Exercise description —
Will you output the entries below exactly, skipping every image they contain?

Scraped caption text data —
>>>>>

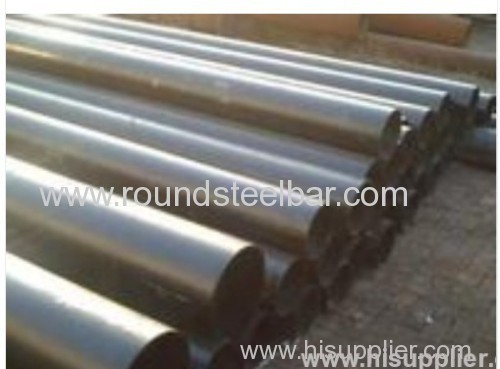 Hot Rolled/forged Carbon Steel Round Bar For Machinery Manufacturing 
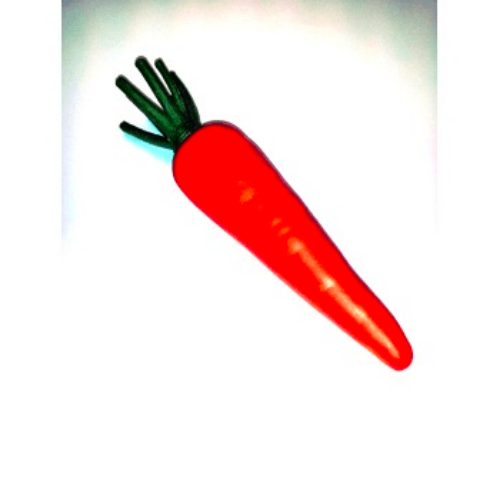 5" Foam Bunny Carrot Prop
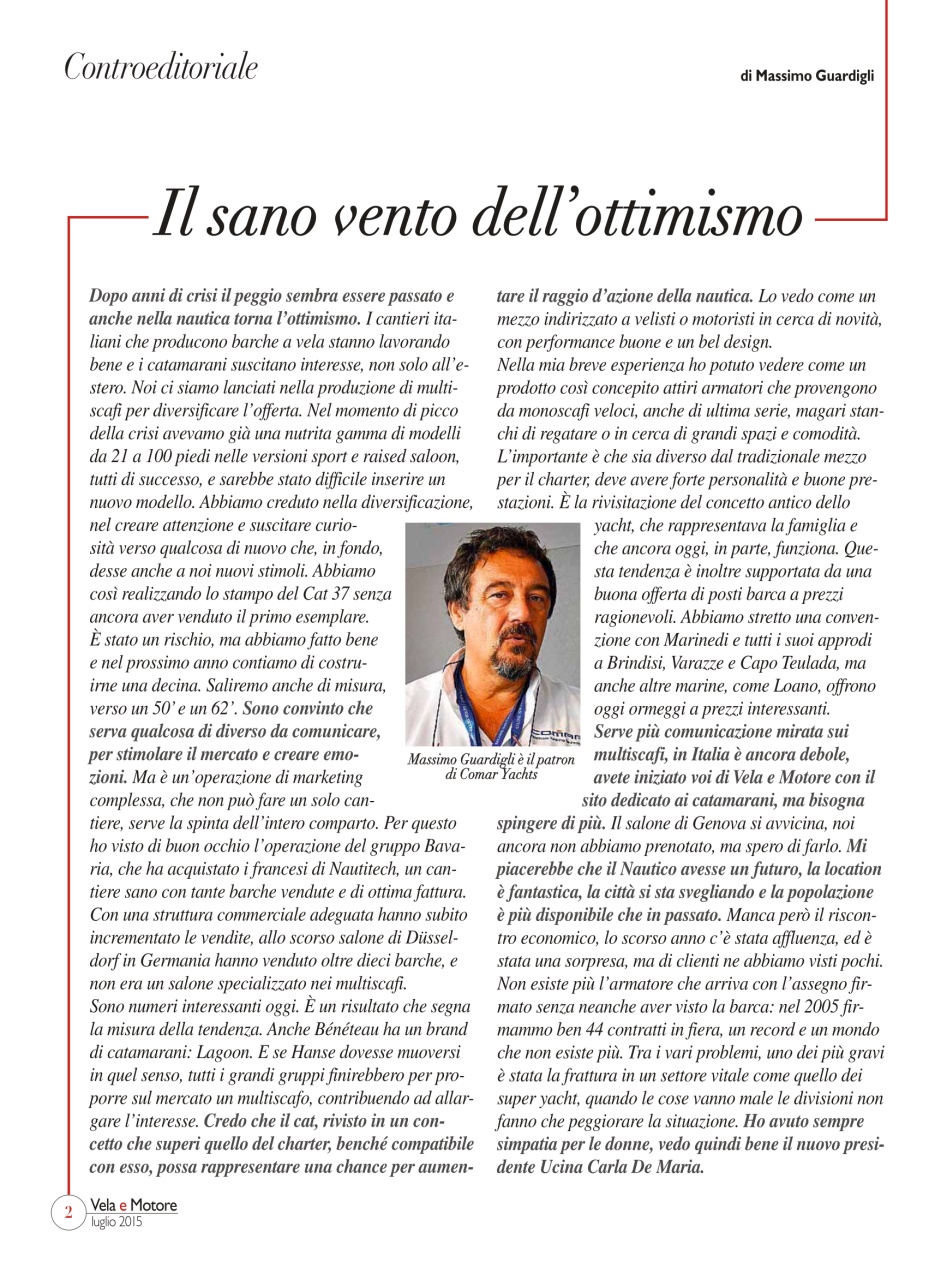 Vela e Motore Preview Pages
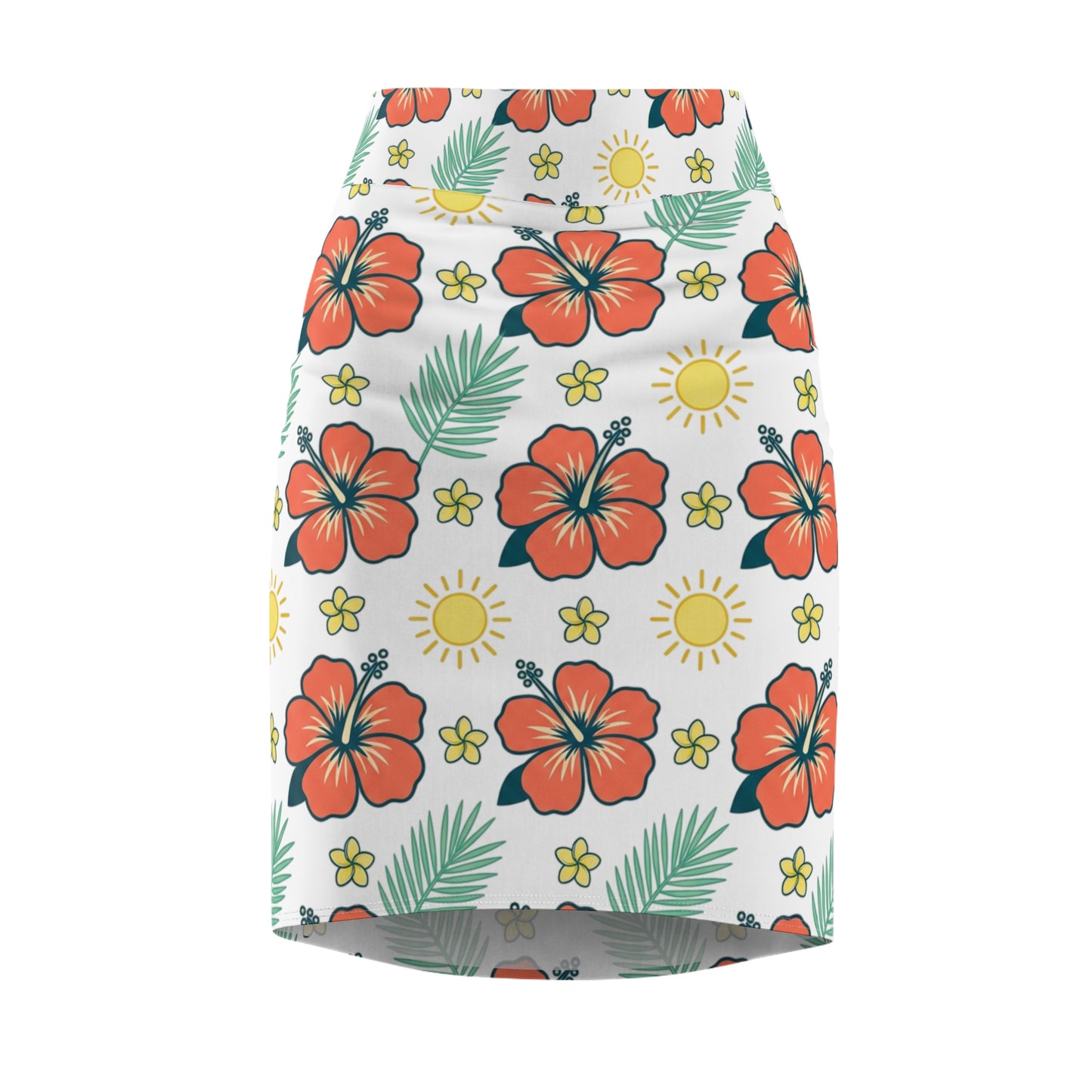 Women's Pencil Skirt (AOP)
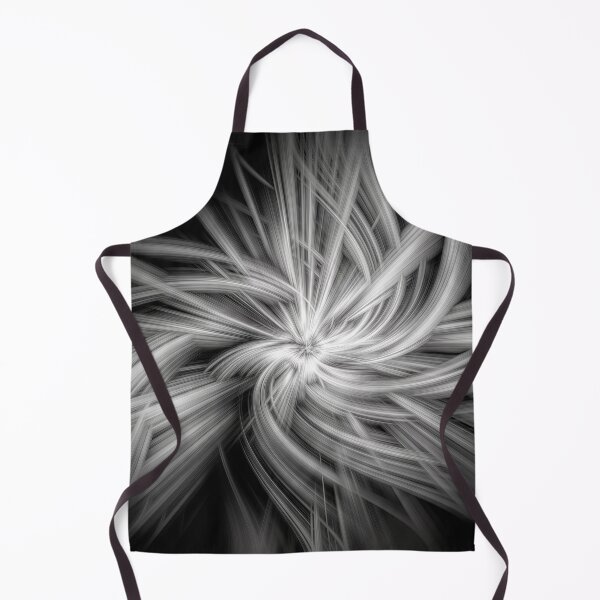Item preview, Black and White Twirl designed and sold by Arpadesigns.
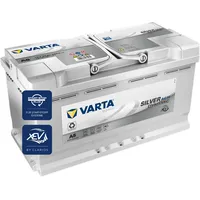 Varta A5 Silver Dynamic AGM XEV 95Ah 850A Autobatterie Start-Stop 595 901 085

<<<<<

Reply —
 Hot Rolled/forged Carbon Steel Round Bar For Machinery Manufacturing 
 5" Foam Bunny Carrot Prop
 Vela e Motore Preview Pages
 Women's Pencil Skirt (AOP)
Item preview, Black and White Twirl designed and sold by Arpadesigns.
 Varta A5 Silver Dynamic AGM XEV 95Ah 850A Autobatterie Start-Stop 595 901 085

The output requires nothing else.